REIGNS-O-METER #119: Reigns takes a back seat to Royal Rumble hype


Roman Reigns (photo credit Wade Keller © PWTorch)


This week’s Smackdown was the go home show for the Royal Rumble and instead of focusing on the champion, Roman Reigns, we were basically watching the Daniel Bryan show. It’s been a long time since we’ve had ourselves a good old fashioned Daniel Bryan show so, for once, I can dig it.

Bryan opened the show with probably the strongest piped in audio of any piped in audio thus far and talked about how much he wants to win the Royal Rumble. It has been a very long time since anybody but Roman opened the show but Bryan has spent a couple of weeks now explaining why you should watch the Royal Rumble. Then Smackdown does that thing where it gets all weird because A.J. Styles shows up. Why, you say? That’s a fair question.

This week’s Raw did not feel like a go-home show. By the looks of it and using the method of “this is a brand vs. brand invitational”, the WWE are scrapping the whole brand split just for the sake of a big go-home show.

They called it quarterly? I wonder if we’ll see this all over again right before WrestleMania?

The WWE recaps the Roman Reigns vs. Kevin Owens feud, briefly, before getting on with the show. We’re seeing the words final showdown in real big print. This isn’t something that the WWE has ever stuck to before. We’ve also seen this phrased on social media as a war of words. That sounds fun, doesn’t it?

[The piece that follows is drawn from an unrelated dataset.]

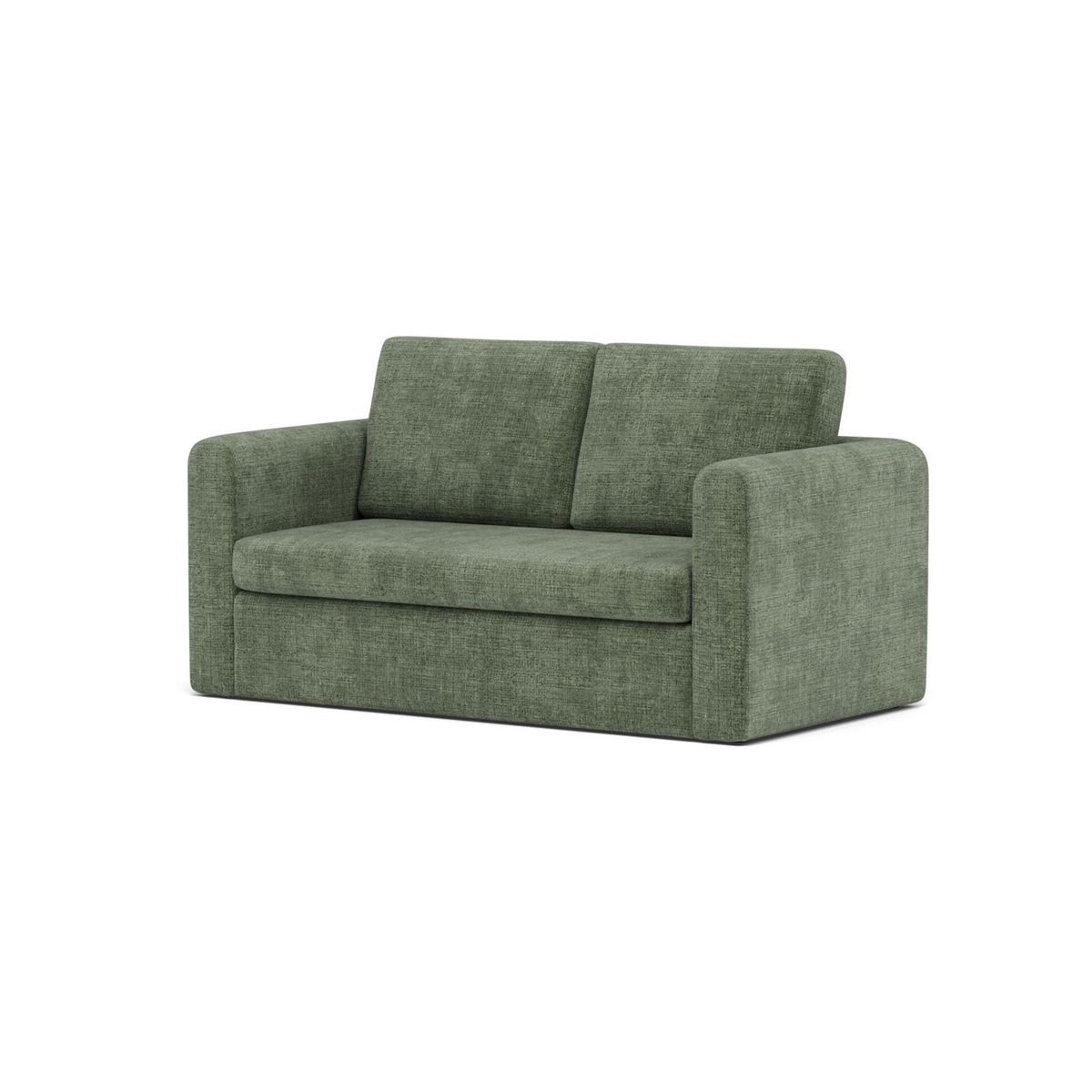 BEST MOBILIER Marilia - canapé 2 places convertible déplimousse en velours texturé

You probably detected a note of sarcasm there, but once we finally reach the Roman Reigns section, I’m very pleasantly surprised with the return we get. After another recap, this time much, much longer, we reach the start of the second hour draw segment. The segment is a prerecorded interview with Michael Cole, with the cameras on a side by side. It’s a championship staple that’s been most recently used with Sasha Banks and Carmella. Roman looks bored. He looks tired. Paul Heyman does the heavy lifting here.

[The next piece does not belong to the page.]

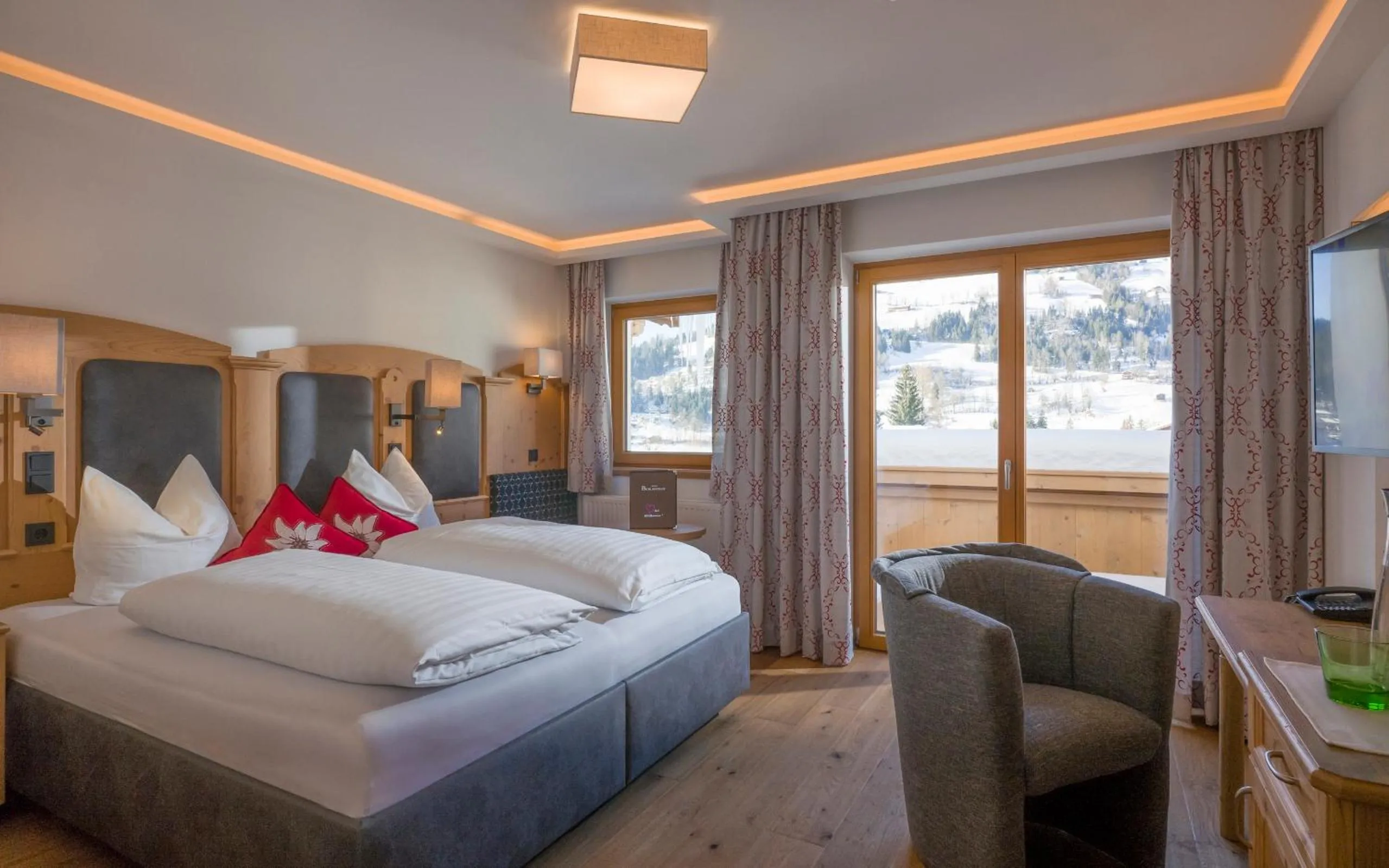 Bed in Hotel Bichlingerhof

When Roman is ready to speak he cuts Michael Cole entirely out of the conversation. He asks whether Owens’ father is a smart man. Both men are speaking so quietly the Thunderdome audio is at risk of swallowing them up. Roman makes a chess metaphor, which I was not at all ready for.

Roman’s mafia don persona gets stronger every week. Kevin Owens, one of the strongest speakers in the game, comes across as absolutely powerless in the face of hashtag The Big Dog’s casual, relaxed threats. Kevin Owens calls Roman out as a mafia boss, proving conclusively that WWE read this here Roman Reigns-o-meter.

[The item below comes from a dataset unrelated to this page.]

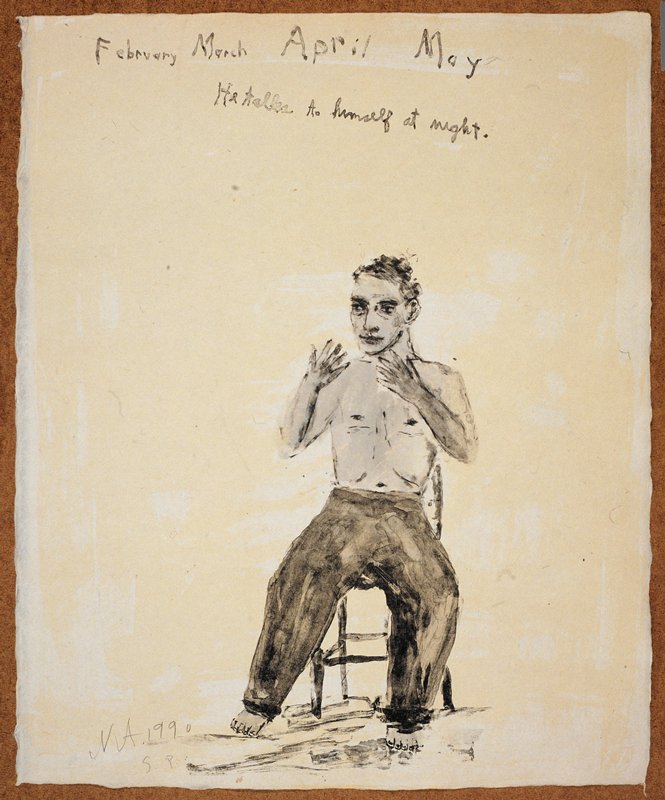 Study for He Talks to Himself at Night, from the Portfolio Lilacs and Smoke, Nicolas Africano, 1987–90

As Kevin Owens’ passion and fury reaches a crescendo, Roman Reigns turns off the TV. The man is apparently so good at what he does that the laws of physics change and webcams turn off like TVs. Kevin Owens needs to calm himself down; he’s going into this one far too hot.

After that, Smackdown enters go-home show territory and gets more than a little bit messy. We go from AJ Styles vs Daniel Bryan one on one, to the inclusion of Cesaro on commentary and Sami Zayn at ringside. While a great match goes on in the ring, Big E arrives to pick a fight with a Sami Zayn who has been picking a fight with him. Zayn gets thrown across the announce table towards Cesaro and just like that Cesaro gets into the fight. Bryan clears them all out with a suicide dive and the end result is five men scrapping in a ring. End result of that is Shinsuke Nakamura coming out to help out and beat people up.

Give me this Intercontinental title scene, WWE. This would be one hell of a Smackdown Six.

The WWE quickly cut to a break so that they don’t have to explain how we get to a six man tag and when we return, lo and behold, we’re in the middle of a six man tag. Michael Cole has already started with the “if this was the Royal Rumble…” schtick he does every year. What I’m trying to say is that there was not enough Roman Reigns this week.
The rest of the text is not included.